Adventures of the Mind
Albert Einstein - Beyond Relativity
In the years following his early scientific breakthroughs, in many respects Albert Einstein’s influence beyond science became even more like that of a prophet as he spoke out on social and political issues. His circle of friends and associates beyond academia included royalty, in particular the Belgian’s royal family, and politicians, including Churchill and Roosevelt
It is perhaps difficult to appreciate today how big a celebrity he was back in the 1920s and 30s when every appearance and utterance was front page news. In particular he never held back his political and ethical views. Following WW1 and up until Adolf Hitler came to power he was a voice on the world stage advocating pacifism and demilitarisation. He was anti-nationalism and spoke out for there to be an international organisation, more powerful than the League of Nations which was set up after WW1. In fact, once Fascist and Communist dictatorships came to power in the 1930’s he advocated that such an organisation should have its own armed forces that could intervene and hold the peace between warring factions. How much Einstein influenced the birth of the United Nations, the international organisation embodied with such powers, is worth considering.
In March 1933 he and his wife Elsa escaped from Germany, just in time before his home was raided. He had accepted a post at Princeton University in the USA. However, the situation developing in Germany, with Hitler inspiring nationalistic fervour, the persecution of Jews and re-arming for war, his involvement in charitable causes, particularly in raising money to support the Jews in Europe, markedly increased, Quoting from Walter Isaacson,
‘These causes had become almost as important to him as his science. As he declared at one of the events, “Striving for social justice is the most valuable thing to do in life.”
Whilst what Einstein held most dear was the freedom of the individual to speak his mind on anything, he was nevertheless willing to change his point of view, which is the hallmark of a true scientist. He turned from pacifism to nations being armed for the defence of personal freedom. Although he was not part of the Manhattan Project assigned to build the first Atomic Bomb, he feared Hitler was building one and urged that America did the same. But once the bomb was invented he used all his influence to try and prevent its use. He failed.

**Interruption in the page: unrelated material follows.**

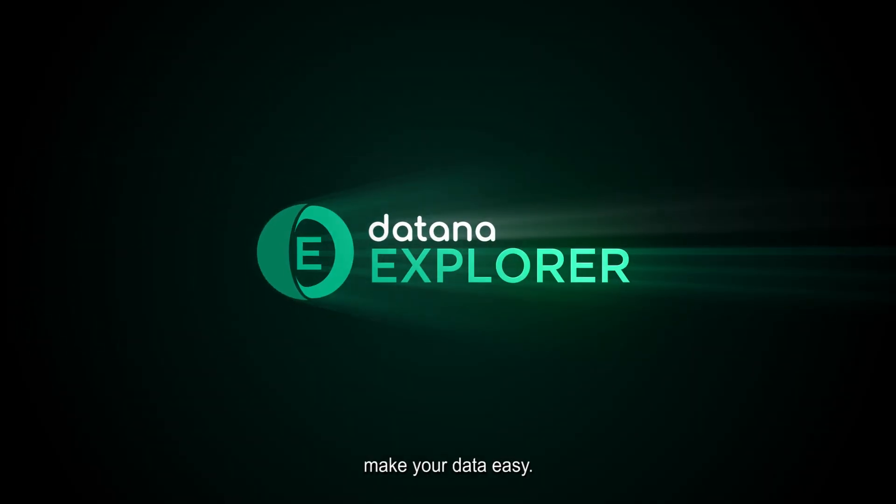DataNight Explorer makes your data easy.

He also tried to persuade America to not develop the more powerful H-Bomb.
‘For the remaining ten years of his life,’ writes Isaacson, ‘his passion for advocating a unified governing structure for the globe would rival that for finding a unified field theory that could govern all the forces of nature. Although distinct in most ways, both quests reflected his instincts for transcendent order. In addition, both would display Einstein’s willingness to be nonconformist, to be serenely secure in challenging prevailing attitudes.’
To conclude this adventure of the mind, which I began more out of intuition than anything more objective, I am more convinced than ever that the distinction between divine revelation and imagination or rather the relationship of one with the other, is a very intimate one. I still believe in the word of God, but will put more faith in those God has chosen as his mouthpieces here and now than those who wrote 5000 years ago. I also believe that the some of the greatest recipients of revelation have been those we currently call scientists, and the proof of this are the practical fruits born of those revelations and in the case of creation and evolution, the awe with which we view God’s handiwork and the desire to protect it.
But having said this about past writers, I recently attended an endowment session in the Preston Temple and as usual sat pondering the creation. Before leaving the celestial room I picked up a Bible and randomly opened it. The verses that caught my immediate attention were Ecclesiastes 8:16-17 which I quote omitting the line in verse 16 that is bracketed:
'When I applied mine heart to know wisdom, and to see the business that is done upon the Earth, I beheld all the work of God, that a man cannot find out the work that is done under the sun: because though a man labour to seek it out, yet he shall not find it; yea further; though a wise man think to know it, yet shall he not be able to find it.'
Nevertheless, you cannot blame man for trying so long as he is humble enough to acknowledge that God has many mysteries he still keeps to Himself.
Albert and second wife Elsa..
His political philosophy Isaacson summarised in two paragraphs:
‘Throughout his life, Einstein was consistent in the fundamental premises of his politics. Ever since his student days in Switzerland, he had supported socialist economic policies tempered by a strong instinct for individual freedom, personal autonomy, democratic institutions, and protection of liberties. He befriended many of the democratic socialist leaders in Britain and America, such as Bertrand Russell and Norman Thomas, and in 1949 he wrote an influential essay for the inaugural issue of the Monthly Review entitled, Why Socialism.
In it he argued that unrestrained capitalism produced great disparity of wealth, cycles of boom and depression, and festered levels of unemployment. The system encouraged selfishness instead of cooperation, and acquiring wealth rather than serving others. People were educated for careers rather than for a love of work and creativity. And political parties became corrupted by political contributions from owners of great capital.’
Looking back over the past fifty or more years the above reads like pure prophecy.